Reproduce the data exactly as given, except for any images.

INPUT DATA.
━━━━
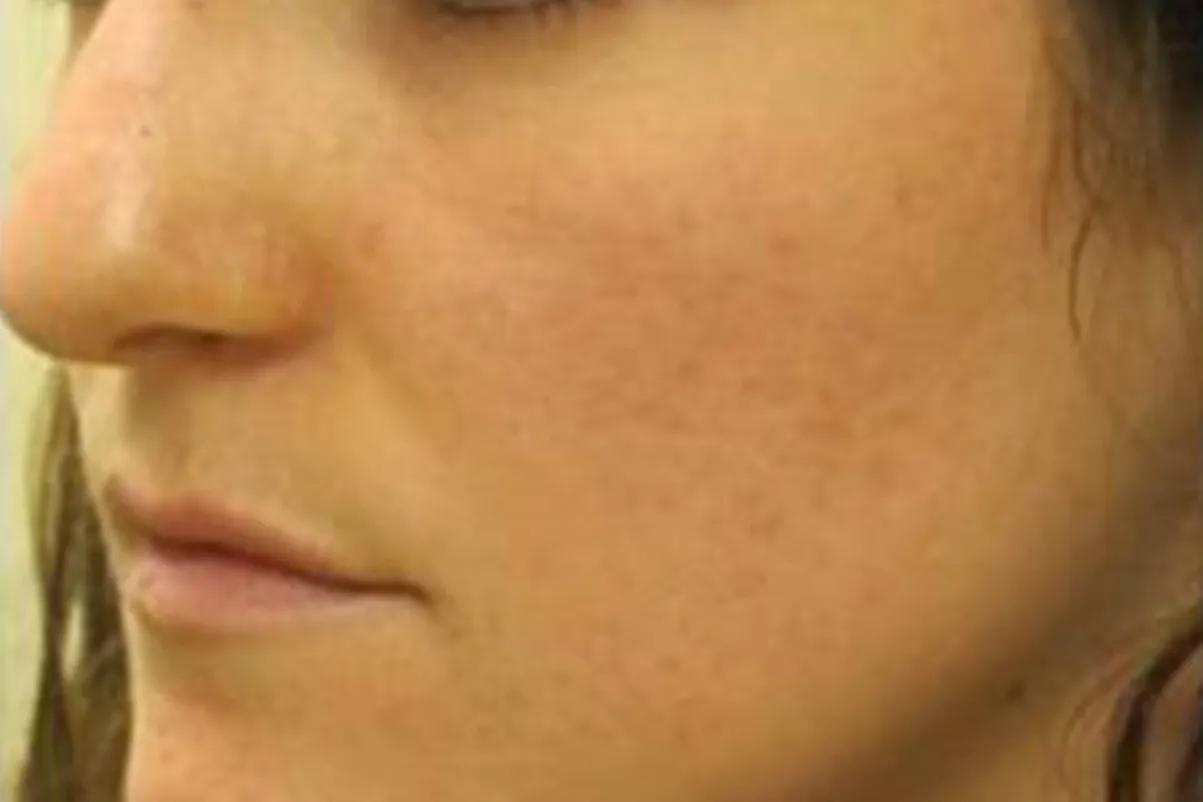 Clear + Brilliant for acne scarring, oblique view, after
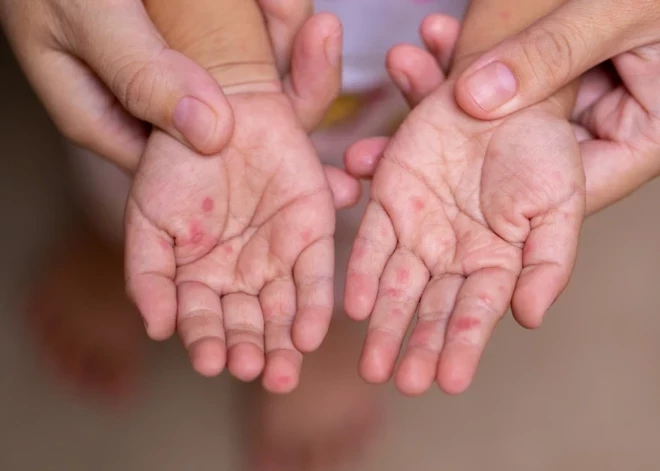 SPKC: augstā nevakcinēto īpatsvara dēļ Latvijā ir augsts masalu tālākas izplatības risks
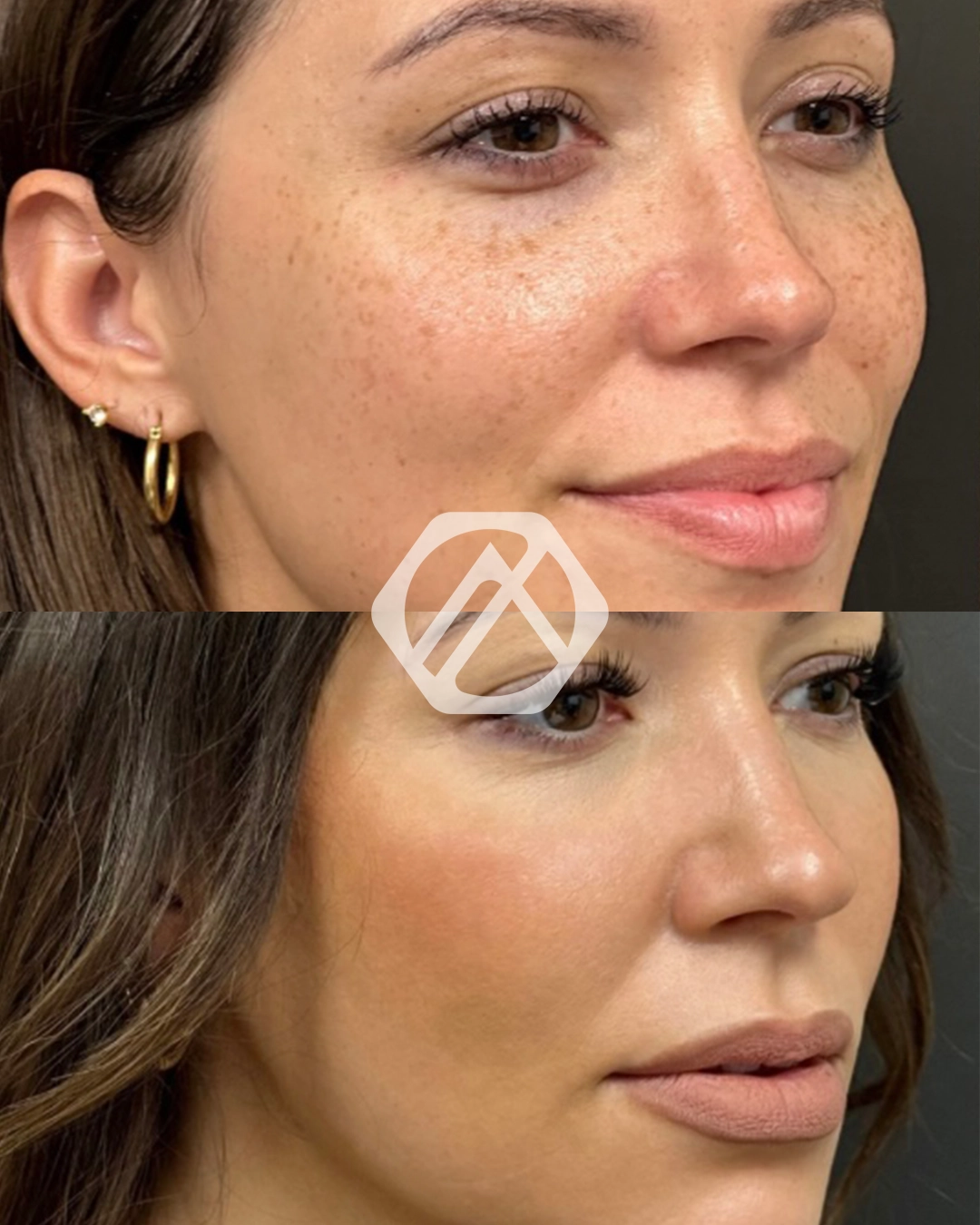 Facial Balancing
━━━━
EXERCISE OUTPUT.
 Clear + Brilliant for acne scarring, oblique view, after
 SPKC: augstā nevakcinēto īpatsvara dēļ Latvijā ir augsts masalu tālākas izplatības risks
 Facial Balancing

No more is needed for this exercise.